The celebrated French explorer Samuel de Champlain visited the harbor of Piscataqua in July, 1605, and discovered the Isle of Shoals; he landed at what is now known as Ordiorne Point, which he called "Cape of the Islands,:" and made presents to some of the Indians who he found there.2 Champlain probably was the first white man who ever set foot upon New Hampshire soil as we have no evidence that Pring left his ship for the land.

The same year George Weymouth was dispatched by some English nobleman on an expedition of discovery. He visited the coast of Maine, where he enticed on board his ship five Indians whom he carried to England. Three of these Indians he gave to Sir Ferdinando Gorges then governor of Plymouth, who took them to his house and educated them for three years in order that he might acquire a better knowledge and a history of their native land.

In May, 1607, two ships sailed from Plymouth, England, with two of the Indians on board, acting as guides and interpreters, to plant a colony on the coast of Maine. The accounts that the Indians gave of the country, magnified by the flowery language of Gorges, had its effect upon the people of England.
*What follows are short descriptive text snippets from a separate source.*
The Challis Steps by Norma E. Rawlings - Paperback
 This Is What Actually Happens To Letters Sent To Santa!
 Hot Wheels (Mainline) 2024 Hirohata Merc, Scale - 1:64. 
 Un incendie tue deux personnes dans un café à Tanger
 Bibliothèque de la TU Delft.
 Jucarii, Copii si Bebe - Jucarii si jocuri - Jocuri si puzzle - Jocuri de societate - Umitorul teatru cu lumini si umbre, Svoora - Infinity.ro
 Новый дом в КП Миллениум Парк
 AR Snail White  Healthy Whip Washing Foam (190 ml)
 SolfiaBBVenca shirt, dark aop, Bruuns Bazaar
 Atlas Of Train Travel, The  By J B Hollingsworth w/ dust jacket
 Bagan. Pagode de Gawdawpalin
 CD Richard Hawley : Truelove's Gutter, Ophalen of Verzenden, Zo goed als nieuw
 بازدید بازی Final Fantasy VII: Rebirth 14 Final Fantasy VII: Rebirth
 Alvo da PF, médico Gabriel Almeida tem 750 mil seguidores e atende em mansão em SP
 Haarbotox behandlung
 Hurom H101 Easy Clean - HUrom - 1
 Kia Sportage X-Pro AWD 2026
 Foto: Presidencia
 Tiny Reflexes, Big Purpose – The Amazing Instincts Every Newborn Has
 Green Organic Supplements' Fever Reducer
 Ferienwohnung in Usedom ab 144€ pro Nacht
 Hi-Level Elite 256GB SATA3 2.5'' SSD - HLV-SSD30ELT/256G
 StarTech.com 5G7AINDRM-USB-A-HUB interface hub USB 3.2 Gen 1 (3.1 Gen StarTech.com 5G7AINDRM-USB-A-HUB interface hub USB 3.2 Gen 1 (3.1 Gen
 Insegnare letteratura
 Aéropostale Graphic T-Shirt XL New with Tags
The previous year through the influence of Gorges a charter was obtained from King James giving them "the continent of North America from 34th to 45th degree of north latitude, extending one hundred miles into the main-land and including all the islands of the sea within one hundred miles of the shore," and known as the "Plymouth Company."

This colony located at the mouth of the Kennebec River. The governor of the colony was George Popham and a section of the coast bears his name. Unfortunately no copy remains of this charter. It took precedence of all others. The colony failed, the governor died, and the colonists returned to England in 1608 in a ship of their own building, the first built upon this continent. The one important point to be particularly emphasized by this charter is that it gave to England a plea of title by occupation.3

There is no further record of any other explorer visiting New Hampshire shores until 1614, when Capt. John Smith examined the New England coast from the Penobscot River to Cape Cod. He visited the Piscataqua, described it as "a safe harbor and a rocky shore," and discovered the Isle of Shoals and named them "Smith's Isles." A small marble monument was erected upon one of the islands to commemorate the event. Captain Smith claims "to have brought New England to the subjection of Great Britain," and his claims seem just. He made a map of the country which he explored, presented the same to Prince Charles, and it was called "New England."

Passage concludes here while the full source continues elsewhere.